Records from a data source:
§

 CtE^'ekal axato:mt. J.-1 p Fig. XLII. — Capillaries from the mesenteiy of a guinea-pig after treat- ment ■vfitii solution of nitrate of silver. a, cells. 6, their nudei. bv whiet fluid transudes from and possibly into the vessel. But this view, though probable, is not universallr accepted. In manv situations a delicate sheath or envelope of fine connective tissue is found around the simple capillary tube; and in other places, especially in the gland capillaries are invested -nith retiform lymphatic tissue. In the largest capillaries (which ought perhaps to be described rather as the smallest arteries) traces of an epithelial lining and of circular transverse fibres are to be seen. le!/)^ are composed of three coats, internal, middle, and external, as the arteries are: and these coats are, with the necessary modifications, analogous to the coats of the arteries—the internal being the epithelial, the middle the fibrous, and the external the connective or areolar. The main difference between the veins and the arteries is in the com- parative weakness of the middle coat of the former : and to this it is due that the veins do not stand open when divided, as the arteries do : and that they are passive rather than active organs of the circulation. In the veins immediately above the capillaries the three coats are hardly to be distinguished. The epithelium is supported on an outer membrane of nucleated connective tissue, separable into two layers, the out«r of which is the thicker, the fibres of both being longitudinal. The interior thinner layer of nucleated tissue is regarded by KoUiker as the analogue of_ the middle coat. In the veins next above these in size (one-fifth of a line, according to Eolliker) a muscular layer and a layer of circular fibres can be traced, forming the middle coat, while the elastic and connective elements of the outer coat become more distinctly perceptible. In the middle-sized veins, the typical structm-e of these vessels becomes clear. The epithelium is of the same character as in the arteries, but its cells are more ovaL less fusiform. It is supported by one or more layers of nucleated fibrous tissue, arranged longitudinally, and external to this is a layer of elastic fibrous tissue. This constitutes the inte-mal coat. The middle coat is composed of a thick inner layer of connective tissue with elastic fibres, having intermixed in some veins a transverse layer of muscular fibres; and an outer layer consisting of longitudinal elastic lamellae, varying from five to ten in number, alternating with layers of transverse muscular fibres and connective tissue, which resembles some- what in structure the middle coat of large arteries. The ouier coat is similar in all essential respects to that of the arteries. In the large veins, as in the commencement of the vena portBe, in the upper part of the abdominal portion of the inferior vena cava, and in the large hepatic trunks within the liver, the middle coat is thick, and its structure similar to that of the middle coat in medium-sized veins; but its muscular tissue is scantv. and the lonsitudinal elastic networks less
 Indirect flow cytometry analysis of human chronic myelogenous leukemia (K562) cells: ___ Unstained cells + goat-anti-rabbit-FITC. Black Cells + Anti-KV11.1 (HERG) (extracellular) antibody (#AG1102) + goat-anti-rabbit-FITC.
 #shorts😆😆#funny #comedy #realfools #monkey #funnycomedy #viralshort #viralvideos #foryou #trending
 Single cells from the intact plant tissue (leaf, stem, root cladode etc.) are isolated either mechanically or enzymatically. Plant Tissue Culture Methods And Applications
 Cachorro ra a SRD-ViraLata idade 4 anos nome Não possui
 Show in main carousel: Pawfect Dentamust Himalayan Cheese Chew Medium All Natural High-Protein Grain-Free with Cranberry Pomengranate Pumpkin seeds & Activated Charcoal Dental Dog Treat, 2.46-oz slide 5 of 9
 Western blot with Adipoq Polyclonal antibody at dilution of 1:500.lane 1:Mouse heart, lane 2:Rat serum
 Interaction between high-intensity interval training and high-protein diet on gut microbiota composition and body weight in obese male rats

§

■ **What to do**
List all lines from the entries that include the word "antibody".

■ **Output for this exercise**
 Indirect flow cytometry analysis of human chronic myelogenous leukemia (K562) cells: ___ Unstained cells + goat-anti-rabbit-FITC. Black Cells + Anti-KV11.1 (HERG) (extracellular) antibody (#AG1102) + goat-anti-rabbit-FITC.
 Western blot with Adipoq Polyclonal antibody at dilution of 1:500.lane 1:Mouse heart, lane 2:Rat serum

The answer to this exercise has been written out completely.